SKEDSOFT

Data Mining & Data Warehousing

Introduction: Suppose that AllElectronics is a successful international company, with branches around the world. Each branch has its own set of databases. The president of All Electronics has asked you to provide an analysis of the company’s sales per item type per branch for the third quarter. This is a difficult task, particularly since the relevant data are spread out over several databases, physically located at numerous sites.

If AllElectronics had a data warehouse, this task would be easy. A data warehouse is a repository of information collected from multiple sources, stored under a unified schema, and that usually resides at a single site. Data warehouses are constructed via a process of data cleaning, data integration, data transformation, data loading, and periodic data refreshing. Figure 1.7 shows the typical framework for construction and use of a data warehouse for AllElectronics.

To facilitate decision making, the data in a data warehouse are organized around major subjects, such as customer, item, supplier, and activity. The data are stored to provide information from a historical perspective (such as from the past 5–10 years) and are typically summarized.
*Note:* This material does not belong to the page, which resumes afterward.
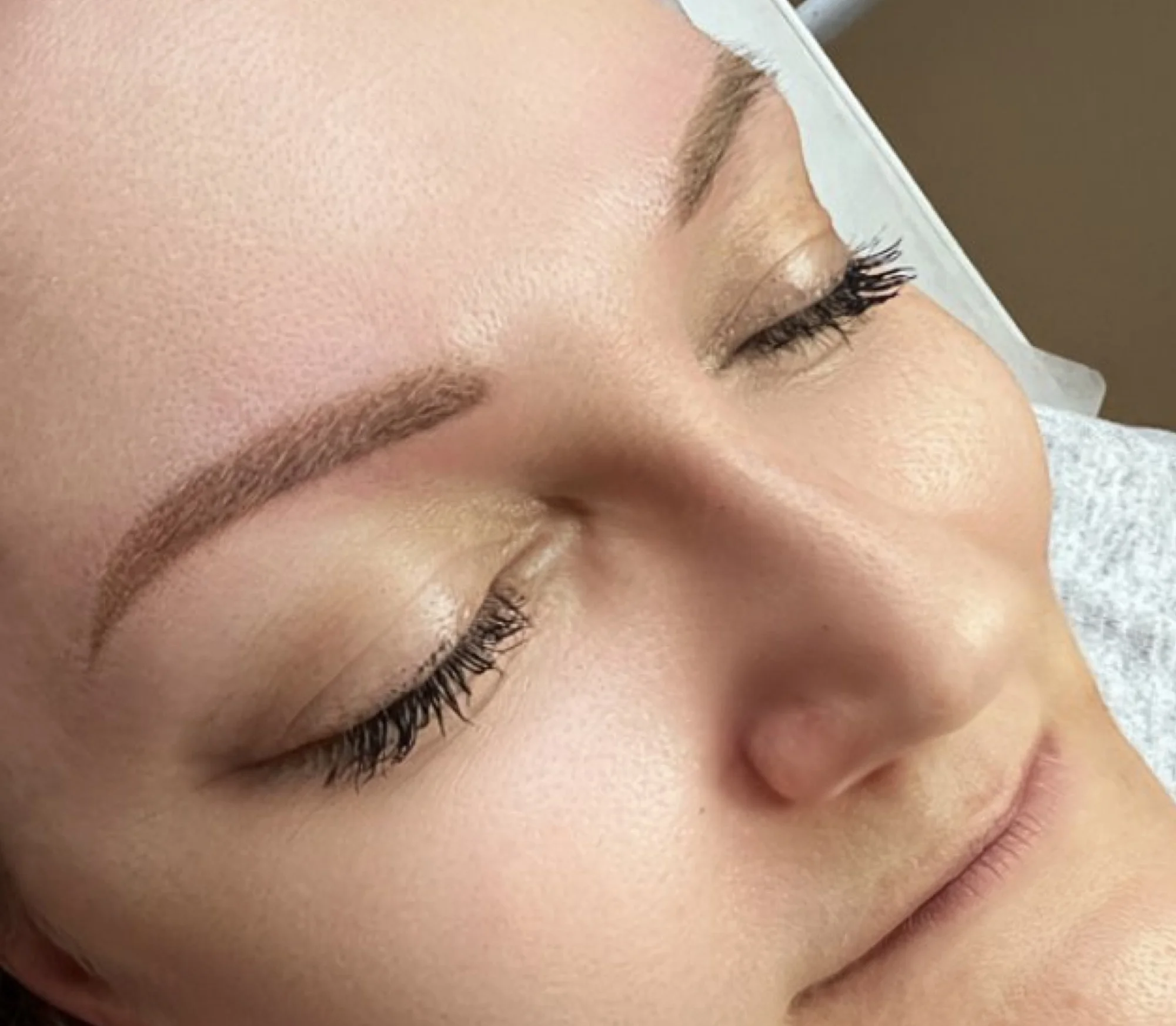 Laminace obočí i permanentní make-up obočí, linek a rtů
For example, rather than storing the details of each sales transaction, the data warehouse may store a summary of the transactions per item type for each store or, summarized to a higher level, for each sales region.
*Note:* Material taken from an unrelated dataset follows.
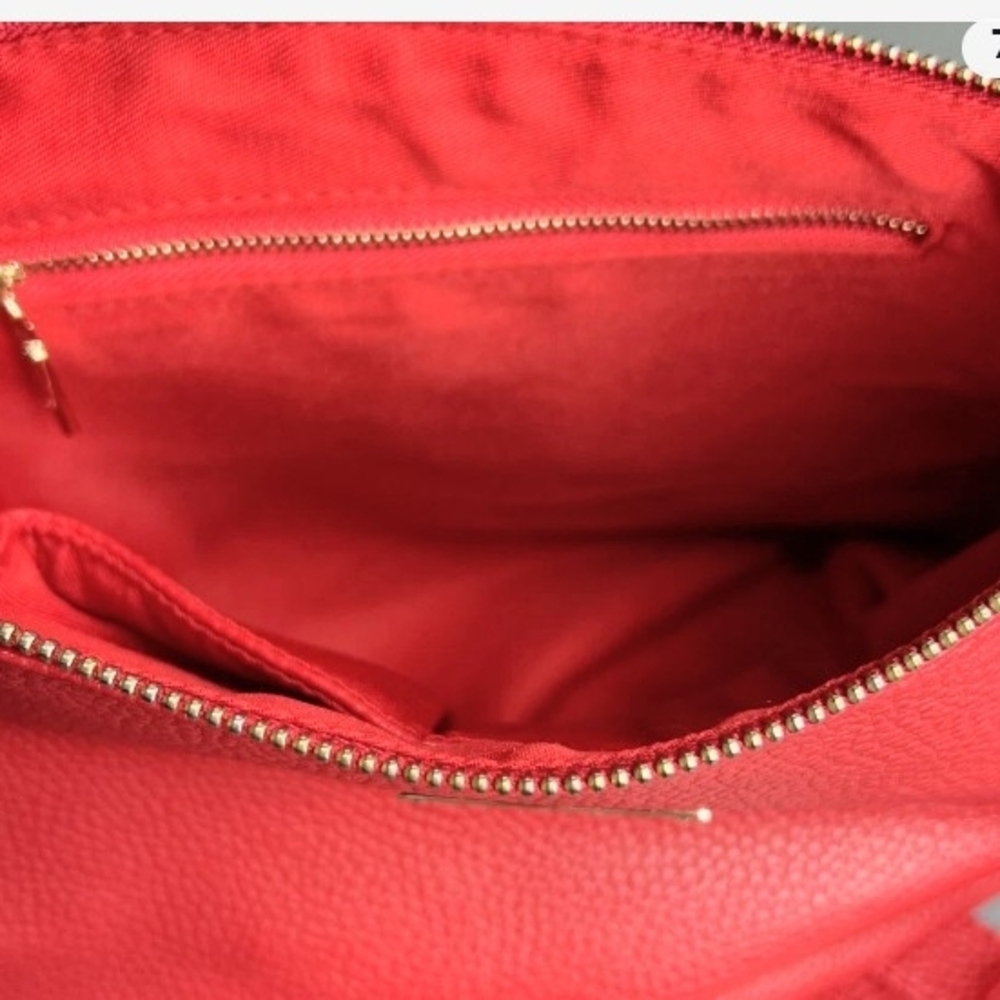 NWOT BCBG Red Bag - Picture 5 of 9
A data warehouse is usually modeled by a multidimensional database structure, where each dimension corresponds to an attribute or a set of attributes in the schema, and each cell stores the value of some aggregate measure, such as count or sales amount.

The actual physical structure of a data warehouse may be a relational data store or a multidimensional data cube. A data cube provides a multidimensional view of data and allows the pre-computation and fast accessing of summarized data.